== DATASET SECTION ==

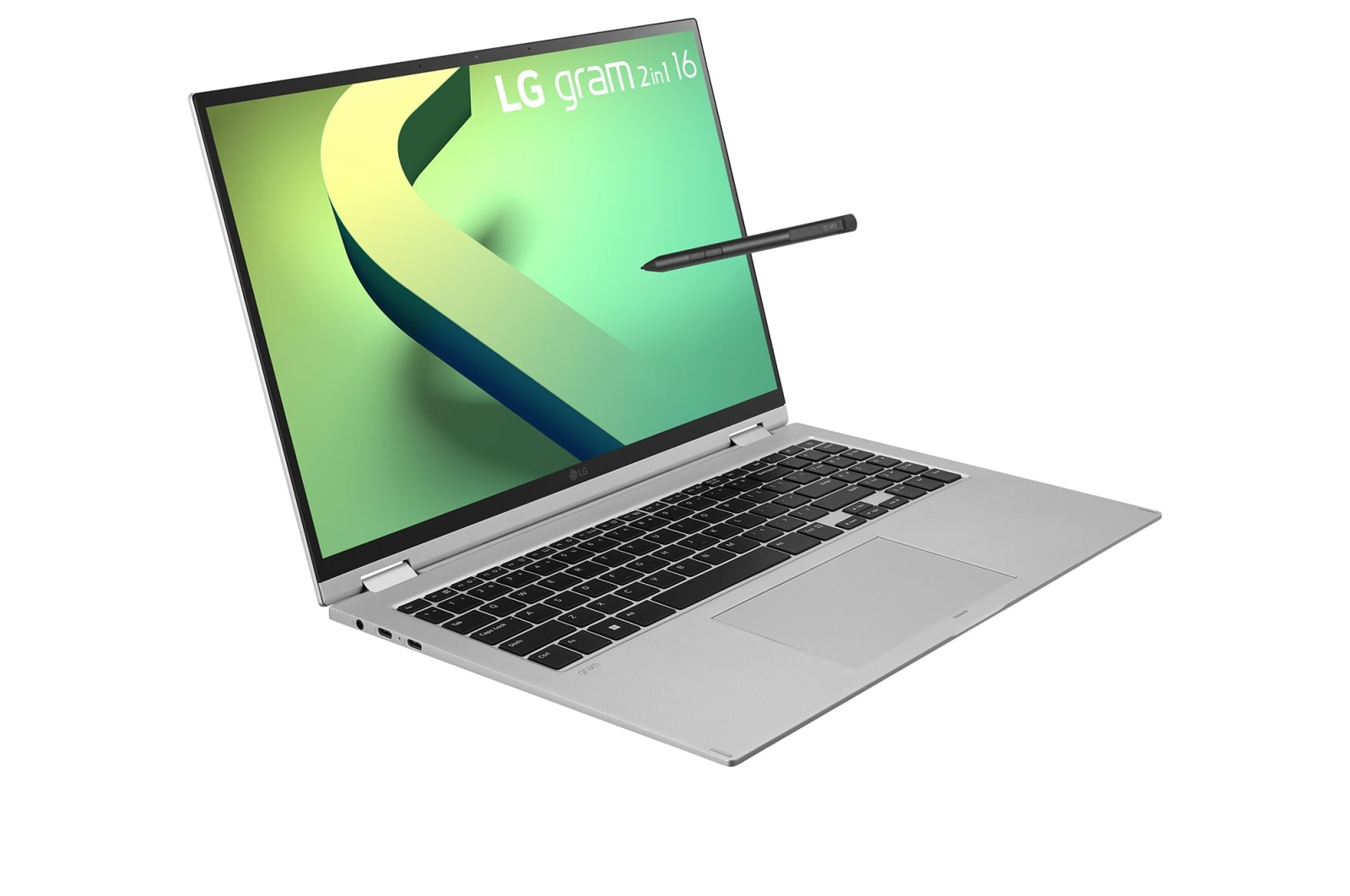 LG Gram 16T90Q Intel® Core™ i7 i7-1260P Hybrid (2-in-1) – image 2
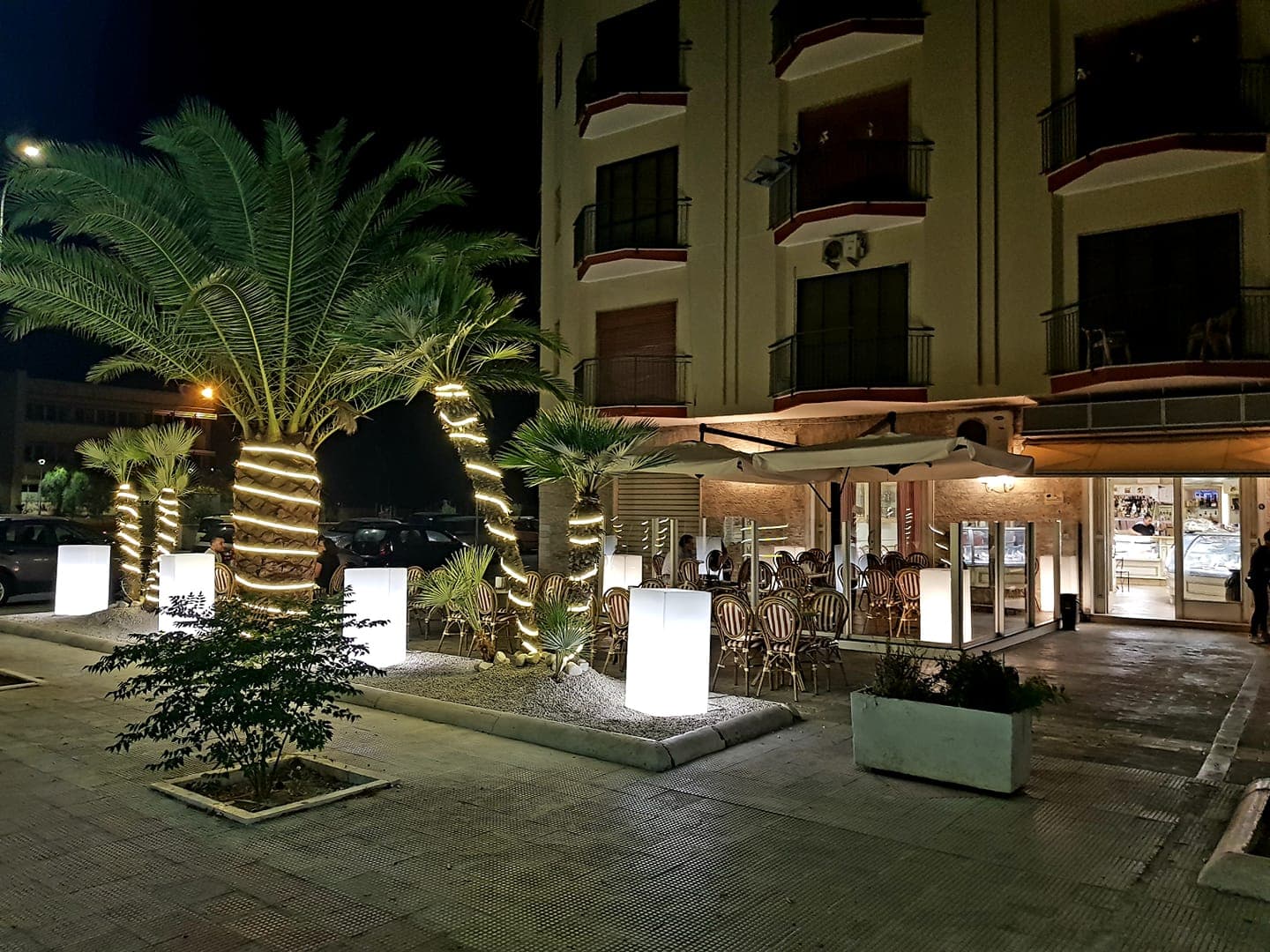 BAR EUROPADUE - Ristorante a Margherita di Savoia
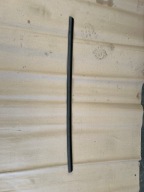 LISTWA ZGARNIAJĄCA DRZWI SZYBY LEWY TYŁ TESLA MODEL 3 1080746-00-F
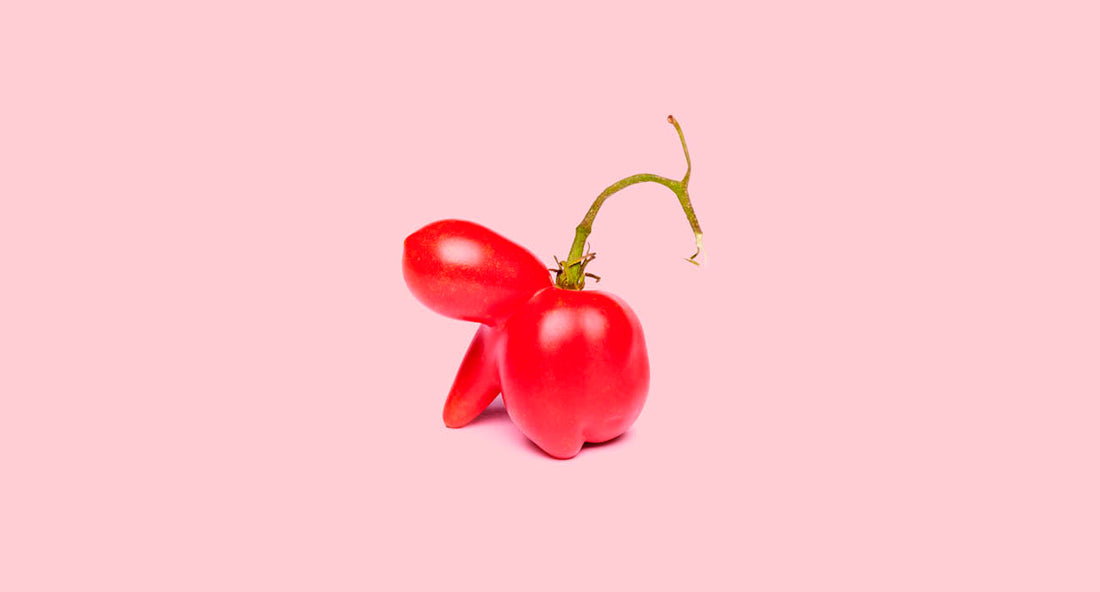 wonky tomato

===

• _EXERCISE DESCRIPTION_
Retype each line above exactly and leave out any picture.

• _ANSWER SPACE_
 LG Gram 16T90Q Intel® Core™ i7 i7-1260P Hybrid (2-in-1) – image 2
 BAR EUROPADUE - Ristorante a Margherita di Savoia
 LISTWA ZGARNIAJĄCA DRZWI SZYBY LEWY TYŁ TESLA MODEL 3 1080746-00-F
 wonky tomato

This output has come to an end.